Task to complete — Please restate the data that follows, leaving every word in place.

Information supplied —
::::::
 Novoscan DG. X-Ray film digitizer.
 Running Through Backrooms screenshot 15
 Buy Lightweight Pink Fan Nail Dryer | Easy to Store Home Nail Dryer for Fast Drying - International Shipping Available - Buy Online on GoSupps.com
::::::
Written response —
 Novoscan DG. X-Ray film digitizer.
 Running Through Backrooms screenshot 15
 Buy Lightweight Pink Fan Nail Dryer | Easy to Store Home Nail Dryer for Fast Drying - International Shipping Available - Buy Online on GoSupps.com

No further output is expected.